29.3.6. Supporting Heterogeneous Environments

Developing an MPCI layer for a heterogeneous system requires a thorough understanding of the differences between the processors which comprise the system. One difficult problem is the varying data representation schemes used by different processor types. The most pervasive data representation problem is the order of the bytes which compose a data entity. Processors which place the least significant byte at the smallest address are classified as little endian processors. Little endian byte-ordering is shown below:

+---------------+----------------+---------------+----------------+
|               |                |               |                |
|    Byte 3     |     Byte 2     |    Byte 1     |    Byte 0      |
|               |                |               |                |
+---------------+----------------+---------------+----------------+

Conversely, processors which place the most significant byte at the smallest address are classified as big endian processors. Big endian byte-ordering is shown below:

+---------------+----------------+---------------+----------------+
|               |                |               |                |
|    Byte 0     |     Byte 1     |    Byte 2     |    Byte 3      |
|               |                |               |                |
+---------------+----------------+---------------+----------------+

Unfortunately, sharing a data structure between big endian and little endian processors requires translation into a common endian format. An application designer typically chooses the common endian format to minimize conversion overhead.

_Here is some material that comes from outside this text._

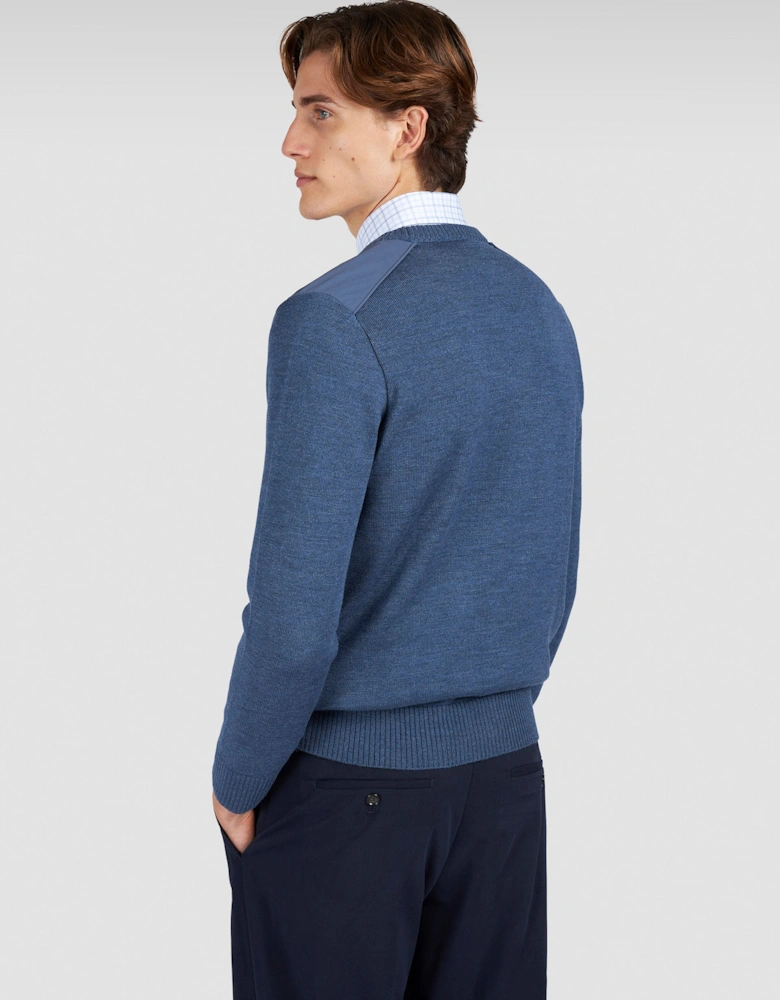 Typhoon Wool Sweater 635 Dark Denim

Another issue in the design of shared data structures is the alignment of data structure elements. Alignment is both processor and compiler implementation dependent. For example, some processors allow data elements to begin on any address boundary, while others impose restrictions. Common restrictions are that data elements must begin on either an even address or on a long word boundary. Violation of these restrictions may cause an exception or impose a performance penalty.

Other issues which commonly impact the design of shared data structures include the representation of floating point numbers, bit fields, decimal data, and character strings. In addition, the representation method for negative integers could be one’s or two’s complement. These factors combine to increase the complexity of designing and manipulating data structures shared between processors.

RTEMS addressed these issues in the design of the packets used to communicate between nodes. The RTEMS packet format is designed to allow the MPCI layer to perform all necessary conversion without burdening the developer with the details of the RTEMS packet format. As a result, the MPCI layer must be aware of the following:

  • All packets must begin on a four byte boundary.

  • Packets are composed of both RTEMS and application data. All RTEMS data is treated as 32-bit unsigned quantities and is in the first to_convert 32-bit quantities of the packet. The to_convert field is part of the rtems_packet_prefix portion of the packet.

  • The RTEMS data component of the packet must be in native endian format. Endian conversion may be performed by either the sending or receiving MPCI layer.

  • RTEMS makes no assumptions regarding the application data component of the packet.